Okay, but what triggers your mind to think? Maybe something that happened in the past or maybe something that is going to take place in the future, or maybe your insecurities. Dr. Jeffrey Huttman, a licensed psychologist and the executive director of The Palm Beach Institute in Florida, claims that overthinking is very common and may be caused by self-doubt; self-esteem issues; concern about repeating past patterns in relation to prior bad experiences; traumatic experiences; or anxiety.
Ask yourself, will overthinking bring you any solution or will it change anything that has already occurred? Thinking for a while is alright but thinking for too long for every little thing is a matter of problem as it becomes the habit and the loop from which coming out becomes a major task. Clinical psychologist Helen Odessky, the author of “Stop Anxiety from Stopping You” shares some insight that states, “So often people confuse overthinking with problem-solving. But what ends up happening is we just sort of go in a loop, we are not really solving a problem.” It leads to your loss of connection with the immediate world and everything around you and you find peace spending more time in your head as the loop becomes your habit, but the question is how long are you going to take it along with you?
You should know, it is the state of mind. It is the way you see things and feed your brain. Nevertheless, some are surely incapable of handling big things or major issues, but there can be strategies or stages to handle them. As rightly said by Martin Luther King, Jr., “You don’t have to see the whole staircase, just take the first step.” And there you go…step by step.
Start saying some positive affirmations, basically self-affirmation to yourself as according to Lisa Legault, an assistant professor of psychology at Clarkson University, “Self-affirmation is the process of reminding yourself of the values and interests that constitute your true or core self.” “I breathe, I am collected, and I am calm”, “I am safe, and everything is good in my world”, “Inside me, I feel calm, and nobody can disturb this peacefulness”, “My anxiety does not control my life. I do”, “I believe in who I am” are some of the self-affirmations given by Caroline Rushforth, a mind-mastery coach and trainer. Once you start saying all of these to yourself, it becomes a habit, and eventually, you start believing it because what you think, is what happens to you.

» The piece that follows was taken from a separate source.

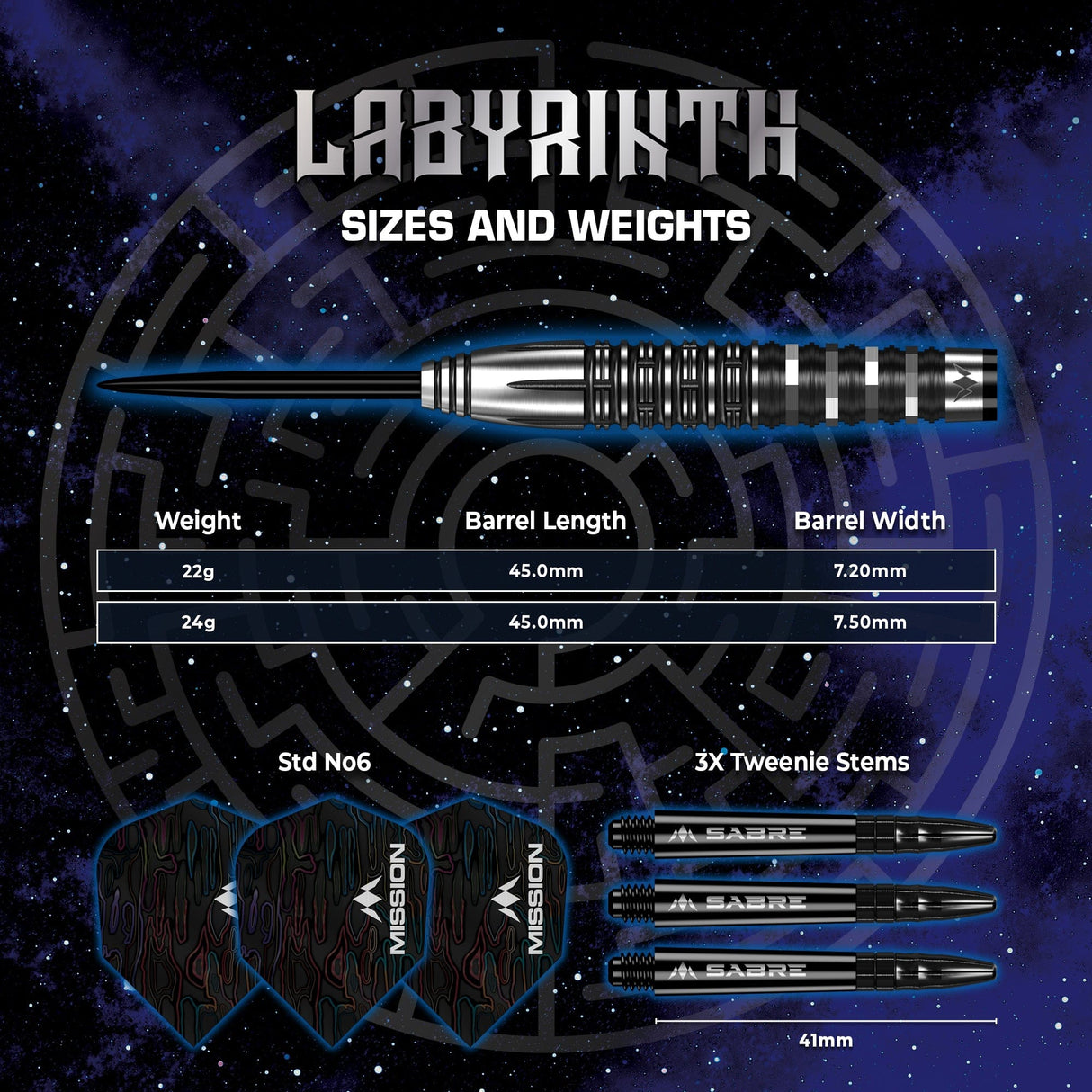 Mission Labyrinth Darts - Steel Tip - 90% Tungsten - Black PVD - view 4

Engage your-self in mindfulness activities and practice meditation as it can be a life-changing pill for overthinkers. Huttman says, “Meditation practice is the main mechanism to develop mindfulness.” Both, PsychAlive, a non-profit resource created by the Glendon Association and Huttman, a licensed psychologist recommended the book “Full Catastrophe Living” by Dr. Jon Kabat-Zinn for mindfulness-based stress reduction program(MBSR). Mindfulness exercises like Yoga, Tai Chi and Martial Arts support both psychological and physical health and develop an increased capacity for self-control as researched by Dr. Kimberly Bethany, fitness and wellness consultant.
Understand that overthinking will lead you nowhere. You might think it will bring you solutions but actually it will worsen up the things. Therefore, stop having monologues in your brain, stop the inner fight between ‘what ifs’ and ‘should hads’, stop assuming, stop weaving the web of thoughts and stop playing yourself as a victim. Hush the negatives and hush whatever is causing you the harm. And remember, in one’s life, there are two roads, a road of pessimism and a road of optimism, the latter being less travelled and also hard to follow but let’s not forget Robert Frost, how he took the road less travelled by and how it has made all the difference.